The light is a witness to the man's reality, it gives him his form; in absence of the same, there is nothing but lack of form. After "Invisible Man" has a number of accompaniments like Rainfield Suitcase, 2001, which is a figure-less entity but creates mindboggling cinematography in the artwork. This picture resembles both a film still as well as a painting, which draws the viewer into specificity of the scene implying larger narratives. The cellar room as depicted in Wall's version has been able to capture the powerful intensity of warmness that is full of light.
The light bathes the unnamed protagonist, who is not visible to the world. He is bathed in the bulbs that he stole from somewhere and wonders if there was any place as bright as his 'hole", the cellar. By attempting this photograph, wall gives a new dimension to light; he makes the viewer believe what it means to bask in so much of light, a manifestation of enlightenment and a new truth. The photographs invoke curiosity, are diverse and highly ambitious. What is more intriguing and also appealing about these photographs is that they are from situations that one comes across every day.
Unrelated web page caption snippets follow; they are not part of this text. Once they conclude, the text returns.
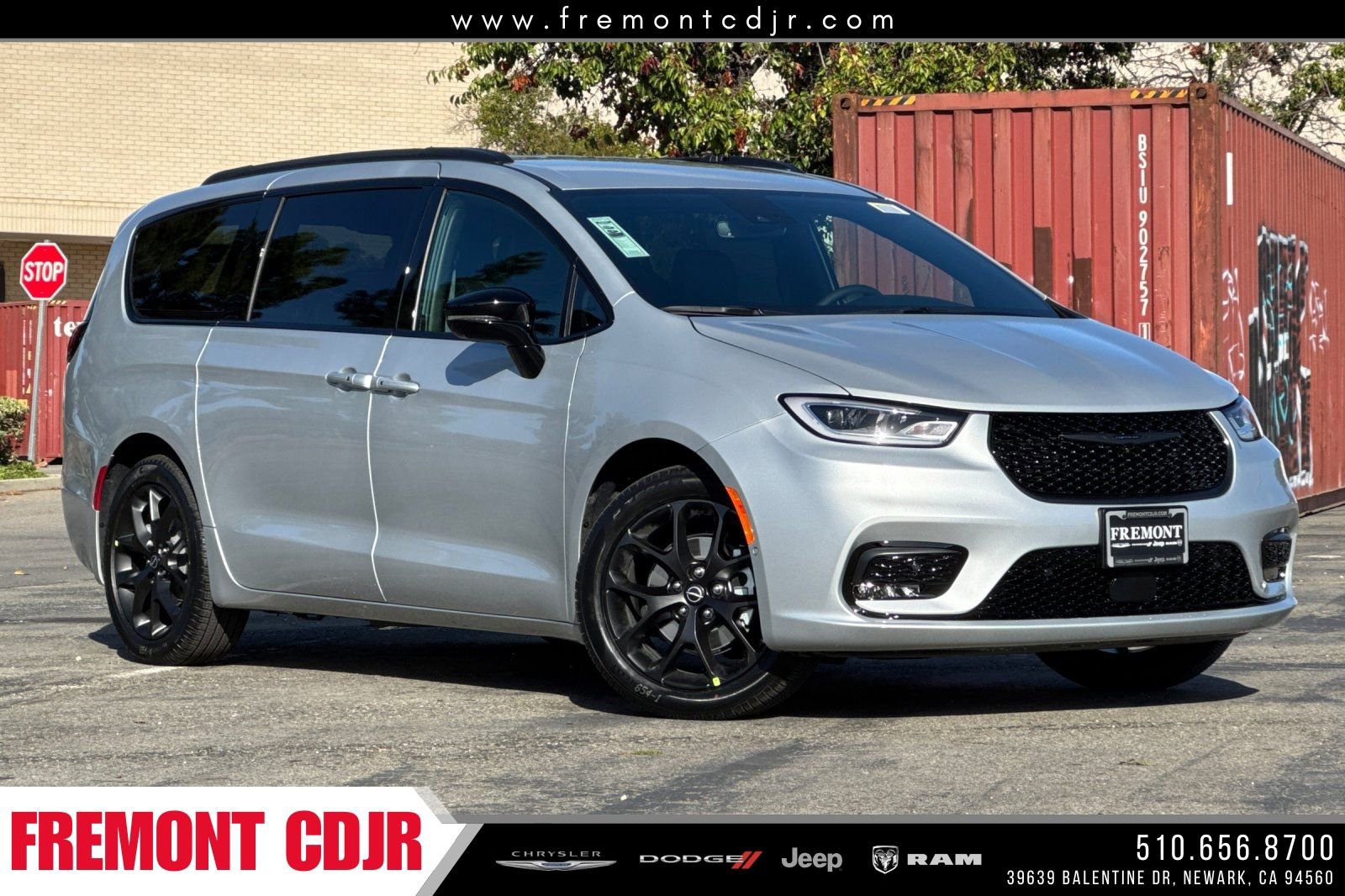 New 2026 Chrysler Pacifica Select w/ S Appearance Package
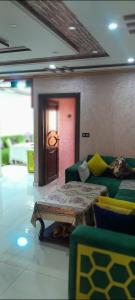 إقامة حي المطار شارع 80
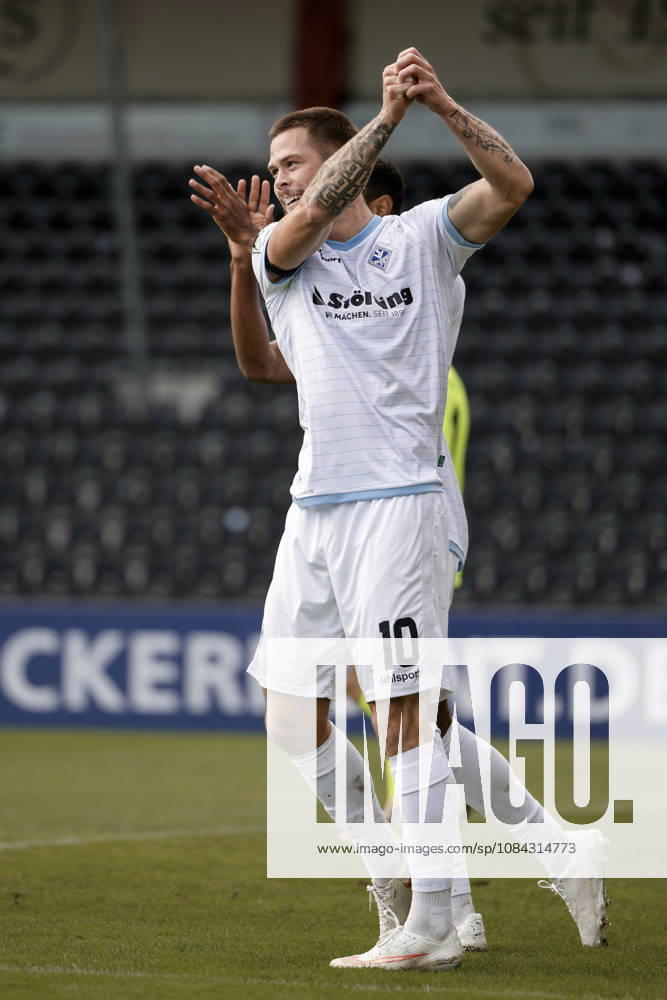 Fussball 3.Liga, SG Sonnenhof Grossaspach - SV Waldhof Mannheim v.l. jubel über das 1:5 durch Julian Ulbricht (SV Waldhof Mannheim, 10)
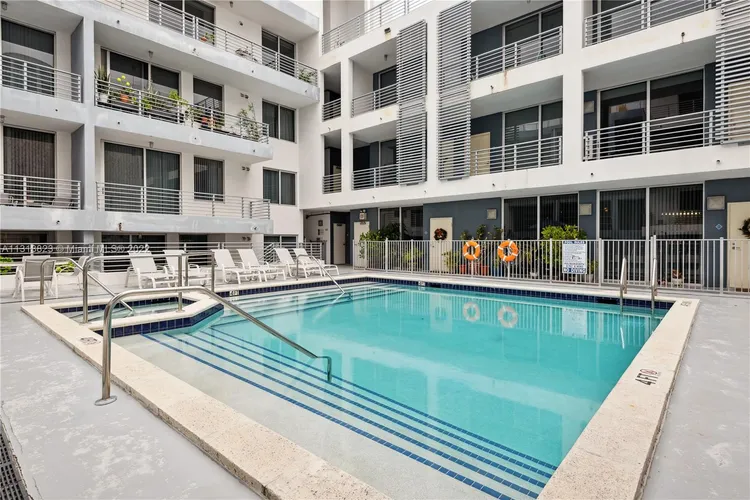 Lofts at Mayfair #202 image #16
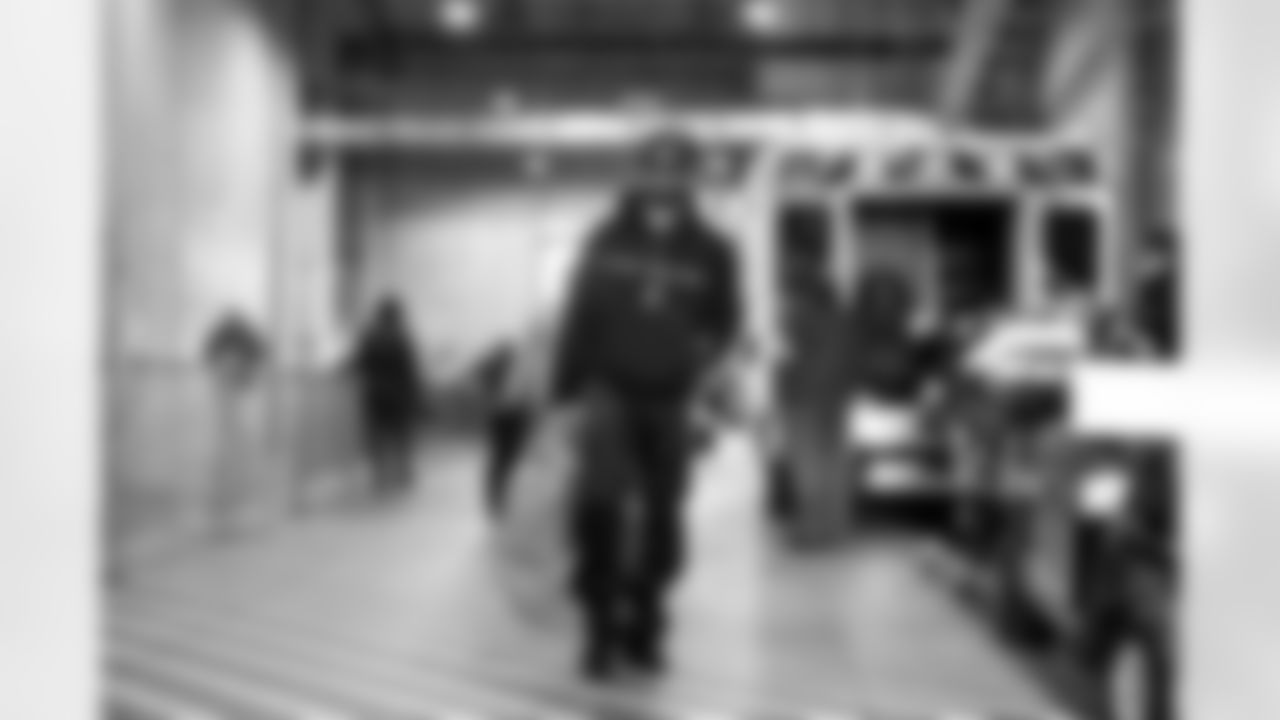 Cornerback Sam Webb (27) before a NFL football game between the Cleveland Browns and Cincinnati Bengals on January 4, 2026 at Paycor Stadium.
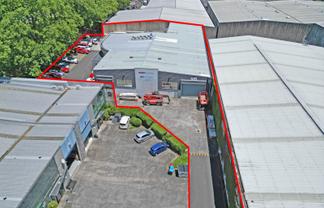 MODERN INDUSTRIAL FACILITY WITH YARD
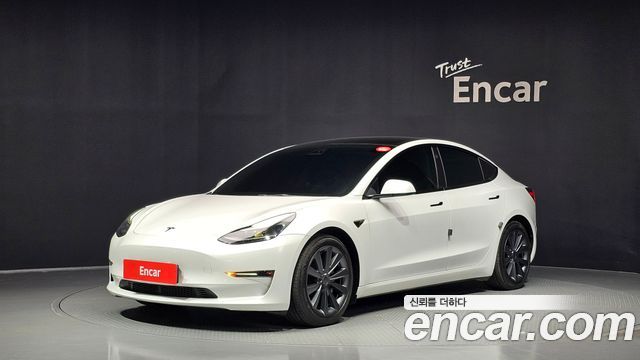 Tesla Model 3 Long Range AWD 2022 — фото 1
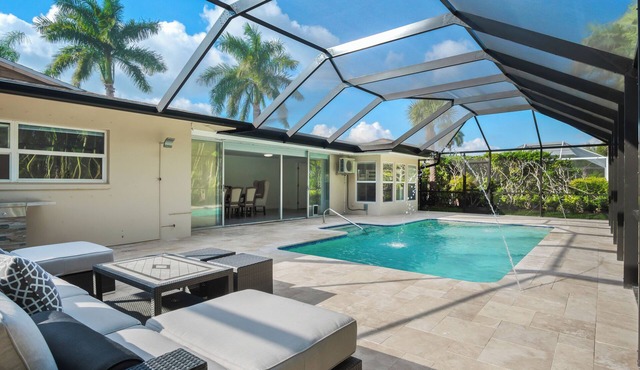Naples Dream Escape 4BR Home, heated pool, 10min from Beach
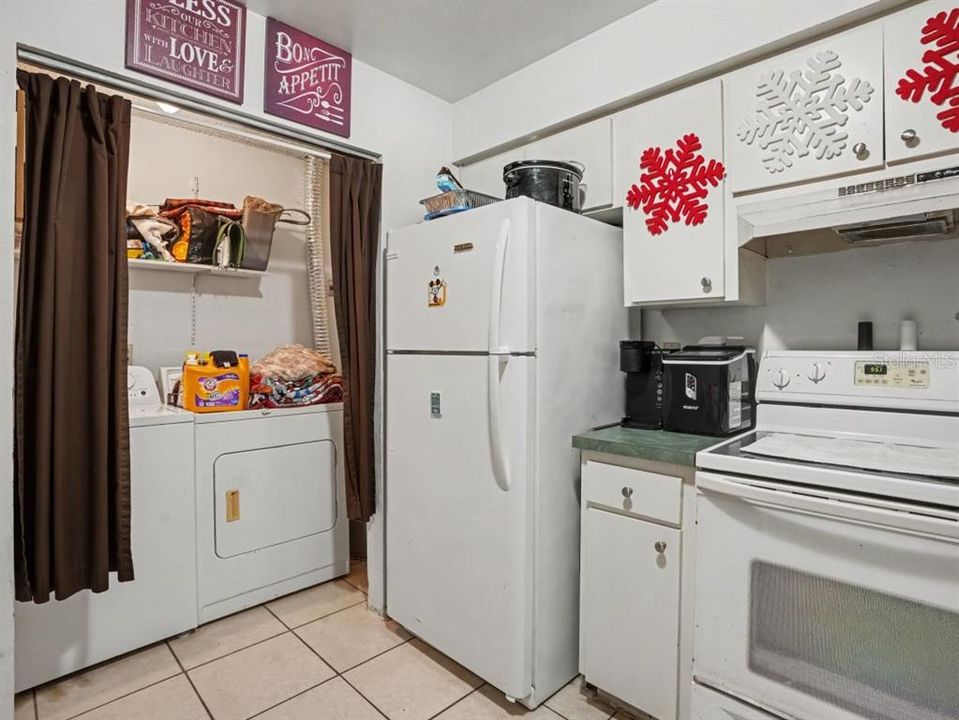 На продажу: $349,990 (4 спален, 0 ванн, 1560 Квадратных фут)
In the words of Jeff Wall they are reconstructed incidents on observations that arise from everyday situations. Their quality invites attention and so does the enormity of their size. The photographs create such surreal moments that the viewer is compelled to live the experiences within them. In this way the photographs tell stores by juxtaposing the intensity, the colour and the size. There is a strange poetics that flows from the photographs giving rise to captivating pictorial realities. Analysis as per Reference Paper I: In order to analyse Jeff Wall's photographs through Roland's (1981, pp. 22-38) reflections on photography, it is important to understand the transition that Jeff Wall went through to become a photographer.
The evolution is interesting. During his teens he began as an artist, working on minimalism. It wasn't until 1990s when Wall caught up with technological innovation, particularly digital software techniques, when he began working on montages digitally structured. Galassi (2007) has observed Wall's peculiar methods of working with images which, he states, reinterpreted art historical themes and in a sense "remade" artworks. What Galassi wants to communicate is that Jeff Wall re-creates images in context of modernism in such a manner that they satisfy the sensibilities that emerge from modernism.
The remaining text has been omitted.